[Caption-style text data]
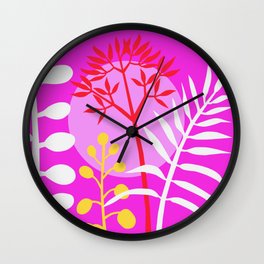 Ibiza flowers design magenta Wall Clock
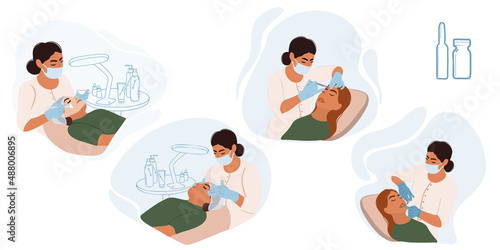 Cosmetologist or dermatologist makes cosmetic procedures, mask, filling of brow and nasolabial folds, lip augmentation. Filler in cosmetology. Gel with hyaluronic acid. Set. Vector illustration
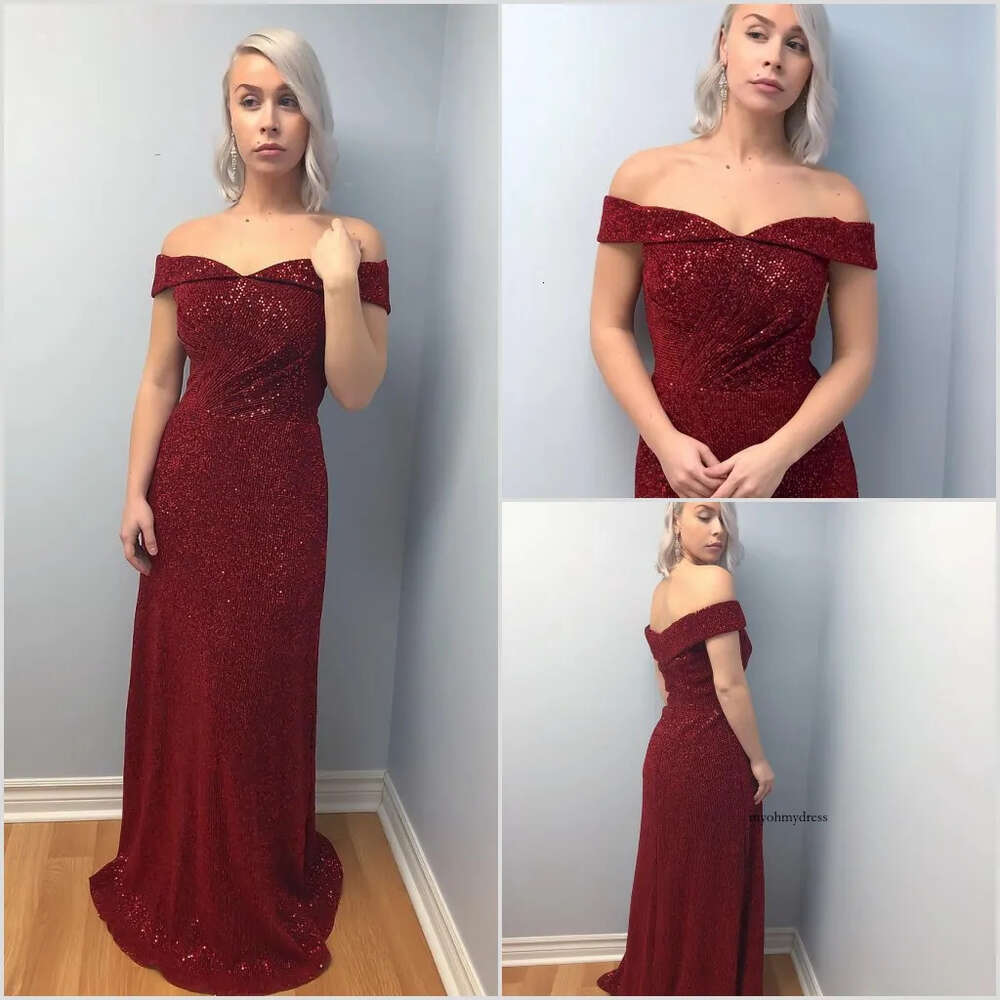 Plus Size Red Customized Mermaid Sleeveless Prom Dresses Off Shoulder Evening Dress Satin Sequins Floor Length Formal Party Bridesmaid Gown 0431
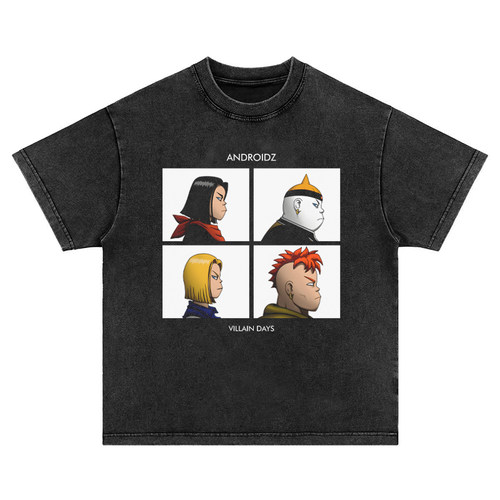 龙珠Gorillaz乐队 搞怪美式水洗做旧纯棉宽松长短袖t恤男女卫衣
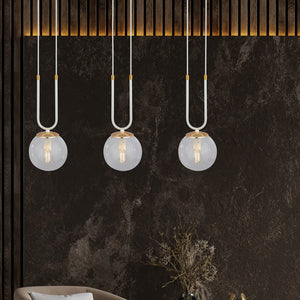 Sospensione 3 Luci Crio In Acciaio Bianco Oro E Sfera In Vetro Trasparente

* Task to complete
What is needed is a word-for-word copy of the lines from the one containing "Plus Size Red" through the final line of the records above, both included, with the pictures left out.

* Worked solution
 Plus Size Red Customized Mermaid Sleeveless Prom Dresses Off Shoulder Evening Dress Satin Sequins Floor Length Formal Party Bridesmaid Gown 0431
 龙珠Gorillaz乐队 搞怪美式水洗做旧纯棉宽松长短袖t恤男女卫衣
 Sospensione 3 Luci Crio In Acciaio Bianco Oro E Sfera In Vetro Trasparente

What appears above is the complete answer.